Prompt: The listing below holds pictures; exclude them. Return exactly the lines from the one with "MP Style Carbon" through the one with "Mobile Suit Gundam".

Data excerpts:
____
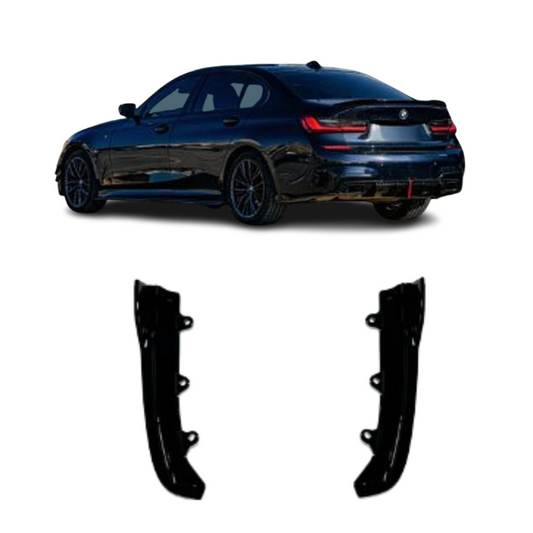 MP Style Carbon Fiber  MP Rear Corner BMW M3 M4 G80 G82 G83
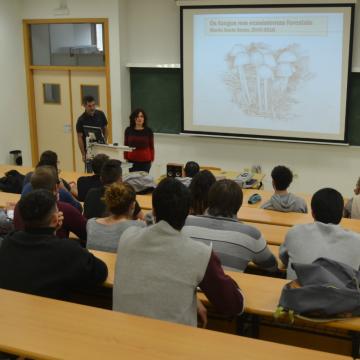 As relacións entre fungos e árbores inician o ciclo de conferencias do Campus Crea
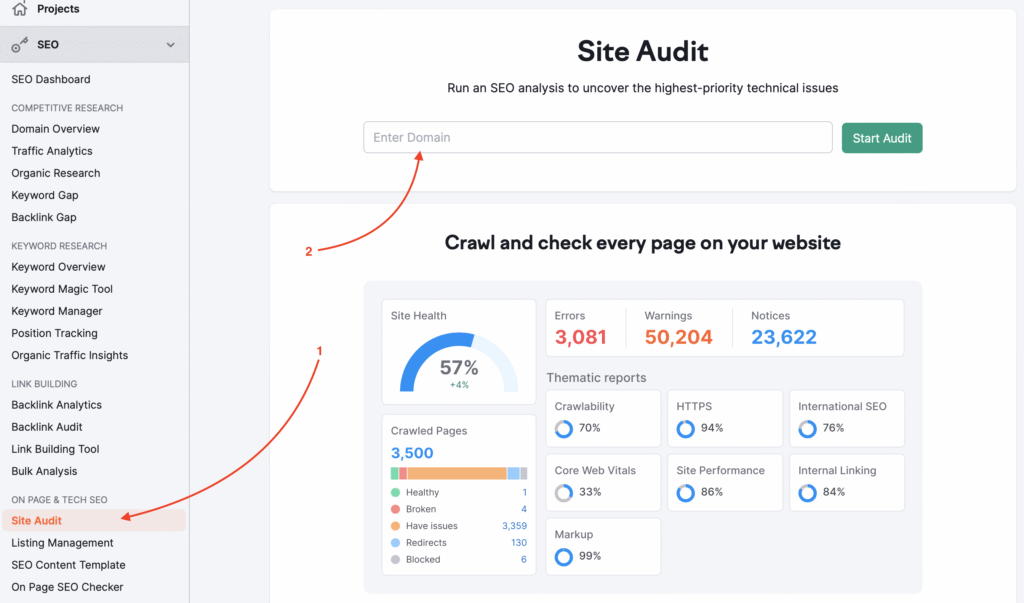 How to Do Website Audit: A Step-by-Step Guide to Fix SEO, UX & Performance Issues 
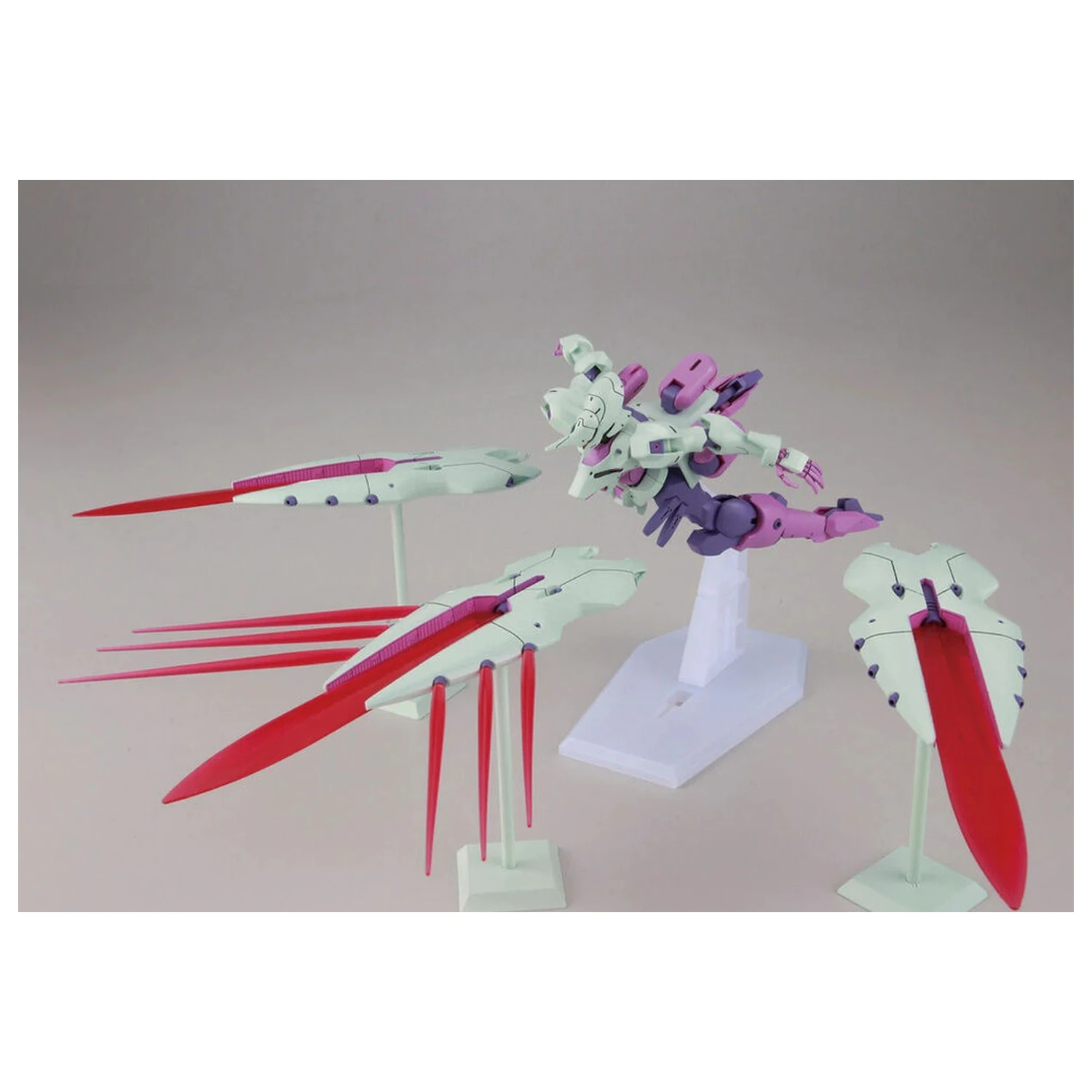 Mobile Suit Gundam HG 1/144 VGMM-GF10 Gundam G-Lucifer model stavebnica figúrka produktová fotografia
____
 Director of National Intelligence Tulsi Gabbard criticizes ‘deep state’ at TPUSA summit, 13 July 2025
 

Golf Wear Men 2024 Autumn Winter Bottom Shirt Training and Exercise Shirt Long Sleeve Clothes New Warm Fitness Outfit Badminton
____
Reply:
 MP Style Carbon Fiber  MP Rear Corner BMW M3 M4 G80 G82 G83
 As relacións entre fungos e árbores inician o ciclo de conferencias do Campus Crea
 How to Do Website Audit: A Step-by-Step Guide to Fix SEO, UX & Performance Issues 
 Mobile Suit Gundam HG 1/144 VGMM-GF10 Gundam G-Lucifer model stavebnica figúrka produktová fotografia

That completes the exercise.